Huber: The Huber function is a hybrid of the squared error and the absolute deviation function.
With the Huber function, specify a Switching
value. The loss function starts as the squared error. The loss function remains the squared error as long as the value is less than the switching value. If the squared error exceeds the switching value, then the loss function becomes the absolute deviation. If the absolute deviation becomes less than the switching value, then the loss function becomes the squared error again.
Number of
trees
Enter a value between 1 and 5000 to set the number of trees to build. The default value of 300 provides useful initial results.
If the initial selected model is close to the number of trees that you specify, then consider whether to increase the number of trees to look for a better model.
Maximum
terminal nodes per tree and Maximum tree
depth
You can also limit the size of the trees. Choose one of the following to limit the size of the trees.
Maximum
terminal nodes per tree: Enter a value between 2 and 2000 to represent the maximum number of terminal nodes of a tree. Usually, the default value of 6 provides a good balance between calculation speed and the investigation of interactions among variables. A value of 2 eliminates the investigation of interactions.
Maximum tree
depth: Enter a value between 2 and 1000 to represent the maximum depth of a tree. The root node corresponds to a depth of 1. The default depth is 4. In many applications, depths from 4 to 6 give reasonably good models.
Minimum
number of cases allowed for a terminal node
Enter the minimum number of cases for a terminal node. For example, if the minimum size is 3 and a split would create a node with less than 3 cases, then Minitab does not perform a split.
Overfitting
protection
Use the following options to minimize overfitting of the model.
Learning
rate
The learning rate is one of the two extremely important hyperparameters that you can tune to identify an optimal model for your data.
By default, if the number of cases in your training data is 1000 or less, Minitab uses 0.01 as the learning rate. For data sets with more than 1000 cases, the default learning rate is max[0.01, 0.1 * min(1.0, N/10000)]. For example, when the data set has 9000 responses, then the learning rate = 0.09.

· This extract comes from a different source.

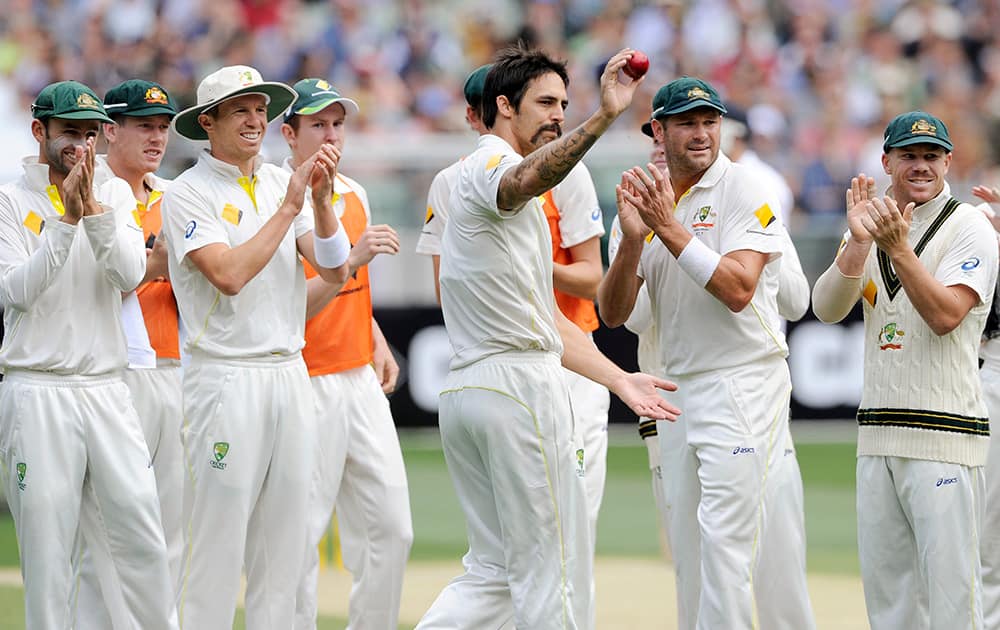 Australia's Mitchell Johnson holds up the ball after taking 5 wickets against England during their Ashes cricket test match at the Melbourne Cricket Ground in Melbourne, Australia.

If the initial model doesn't predict your data well, consider increasing or decreasing the learning rate by 5 or ten fold to see whether you can get a better model.
Subsample
fraction
Specify the proportion of the learning data to randomly select to build each tree in the analysis. Usually, the fraction of 0.5 works well. Consider increasing the fraction from the default value of 0.5 to 0.70 or higher if the initial model doesn't fit your data well.
Number of
predictors for node splitting
Specify the number of predictors to consider for each node split. Typically, the analysis works well when you consider all the predictors at every node. However, some data sets have associations among the predictors that lead to improved model performance when the analysis considers a different random subset of predictors at each node. For such cases, the square root of the total number of predictors is a typical starting point. After you use the square root and view the model, you can consider whether to specify a larger or smaller number of predictors with a percentage of the total.
Total number
of predictors: Select to use all the predictors for splitting nodes.
Square
root of the total number of predictors: Select to use the square root of the total number of predictors for splitting nodes.
K
percent of the total number of predictors; K =: Select to use a percentage of predictors for splitting nodes.
Base for random number
generator
You can specify a base for the random number generator to randomly select the subsamples and the subset of predictors. Typically, you do not need to change the base. You can change the base to explore how sensitive the results are to the random selections or to ensure the same random selection for repeated analyses.
Weights
Enter a column that contains the case weights. The column must have the same number of rows as the response column. Values must be ≥ 0. Minitab omits rows that contain missing values or zeros from the analysis.